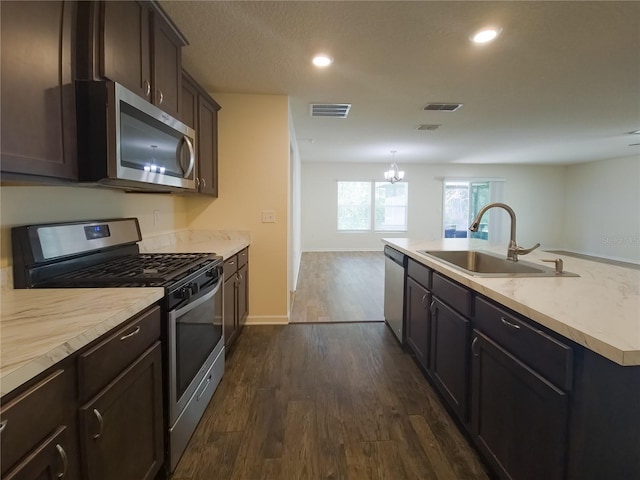 kitchen with visible vents, appliances with stainless steel finishes, dark wood-style flooring, and a sink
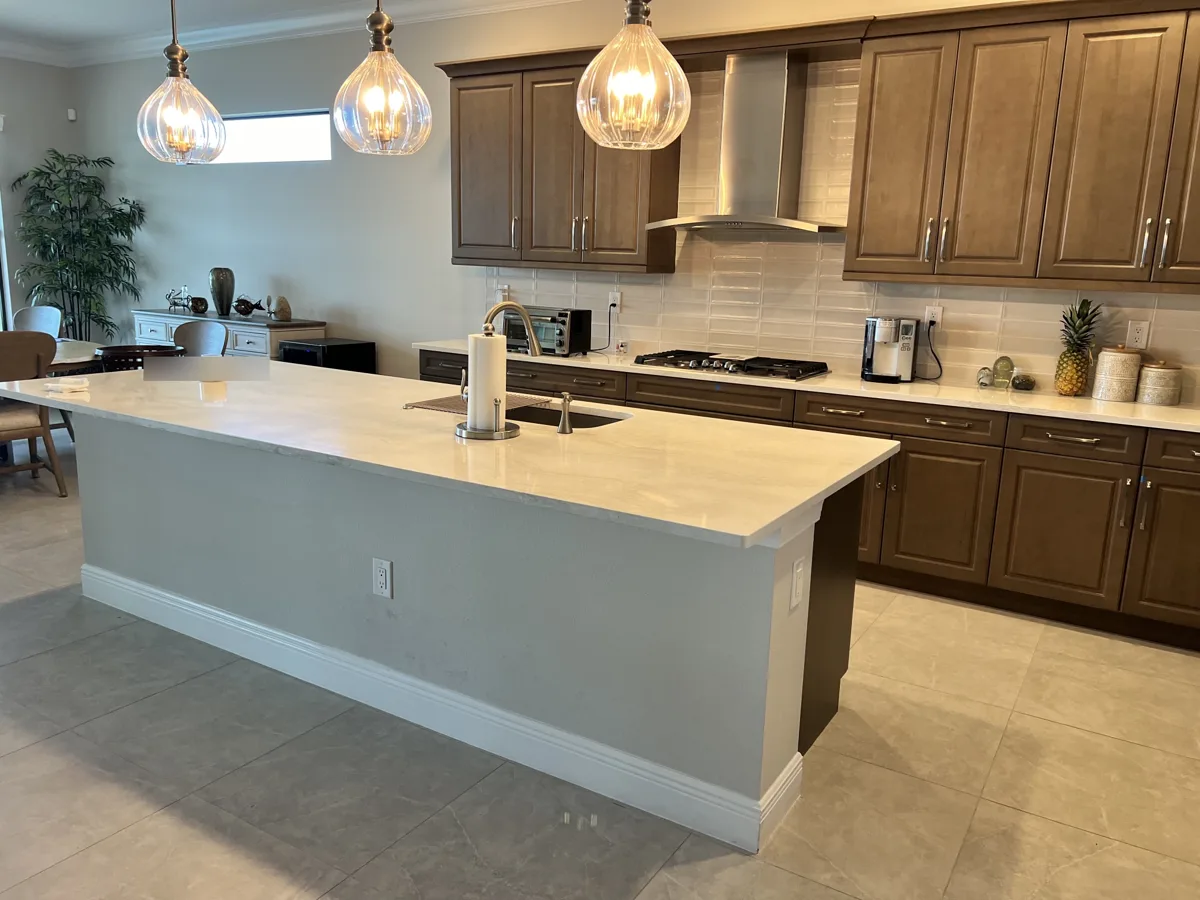 Before: kitchen island with plain gray painted drywall sides and white baseboard, not matching the brown cabinets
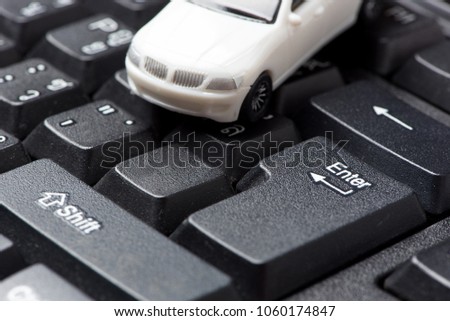 Car model on the black keyboard in selective focus, Concept: Car, Online market, Buying, second had, rental. Royalty-Free Stock Photo #1060174847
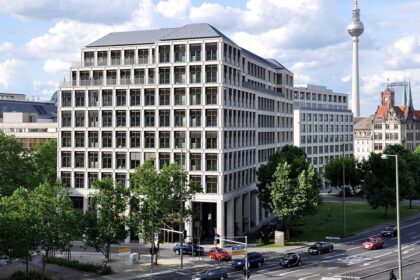 A large office building in Berlin with the Fernsehturm tower in the background.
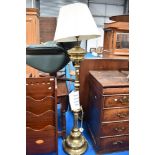 A Victorian brass standard lamp, converted from oil to electric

* _Instructions to follow_:
Give back all the material exactly, with no pictures.

* _Answer box_:
 kitchen with visible vents, appliances with stainless steel finishes, dark wood-style flooring, and a sink
 Before: kitchen island with plain gray painted drywall sides and white baseboard, not matching the brown cabinets
 Car model on the black keyboard in selective focus, Concept: Car, Online market, Buying, second had, rental. Royalty-Free Stock Photo #1060174847
 A large office building in Berlin with the Fernsehturm tower in the background.
 A Victorian brass standard lamp, converted from oil to electric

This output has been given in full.